Once I learned to name abuse tactics in therapy — gaslighting, blame shifting, word salad, devaluation, bread crumbing, manipulative flattery, lovebombing, isolating, triangulating, lying, withholding affection, minimizing, defensive victimhood, lack of closure, and the like — I was sickened to see how much abuse I’d swallowed, internalized, and self blamed for.

Even in extreme abuses, I didn’t know it wasn’t my fault.

For example, my husband once anally raped me, even though I’d told him I wasn’t interested in having anal sex. When I told my therapist about the experience, he replied, “And when did you realize that you’d been raped?”

I froze.

“No, um, he was my husband.”

“But you didn’t consent. And you were traumatized.”

“But if you marry someone, isn’t consent implied for anything?”

“No, it’s not.”

It was only at that moment I realized I’d been raped.

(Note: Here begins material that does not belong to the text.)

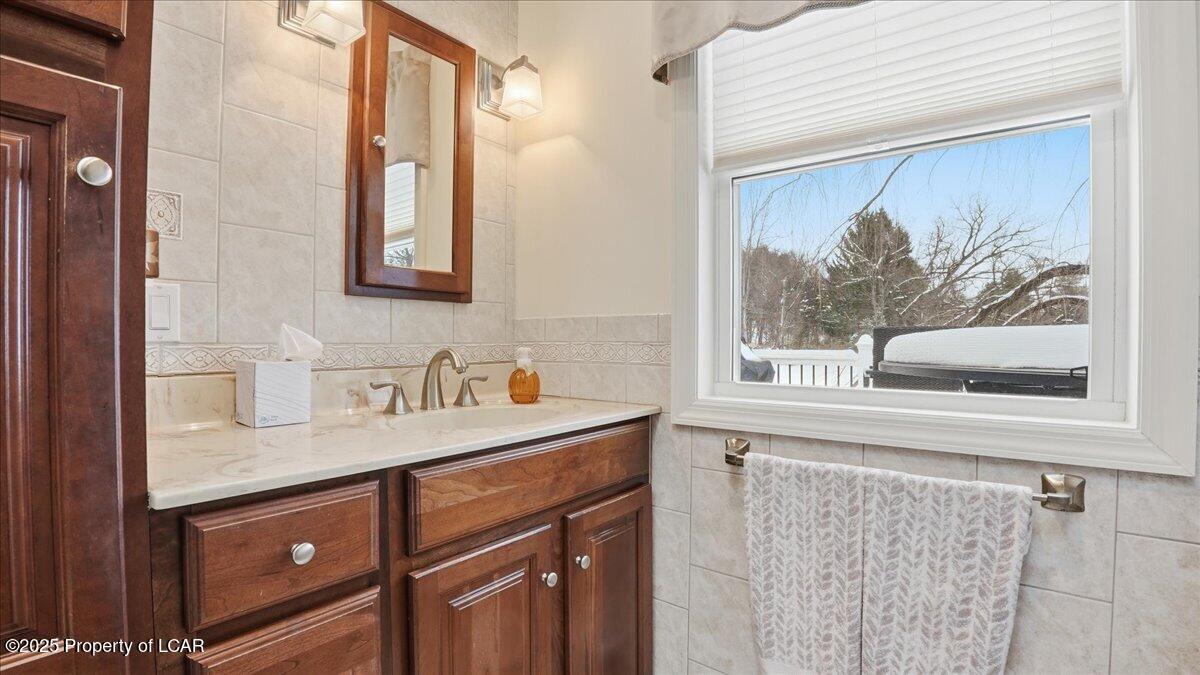 Larksville, Pennsylvania 18704, United States, 2 Bedrooms Bedrooms, ,1 BathroomBathrooms,Residential,Active,252414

Then I had to grieve that pain that I’d buried and denied.

Even with physical violence, I was so used to forgiving physical violence in my childhood and feeling it came because it was deserved that I was eager to forgive pwASPD who were physically violent towards me in a rage.

As a teenager, my first love had ASPD and used to come to my window and peep at me. He’d say, “I saw you last night. You were wearing a big pink t-shirt and watching TV with your sister.”

I thought I should be flattered that he was coming to my windows to look at me. I didn’t realize I had a young stalker on my hands.

4. A Deep Love For Abusive People

Narcissists are angry people, even the most covert ones. When it comes to their exes or former supply, they say that they are ALL BAD. They fling words like psycho, idiot, bitch, evil at them. They will often say that their exes were narcissists or energy vampires or abusers, because narcissists project their self hate onto everyone else. And they OBSESS over and fantasize about revenge. They see all their revenge as JUSTIFIED.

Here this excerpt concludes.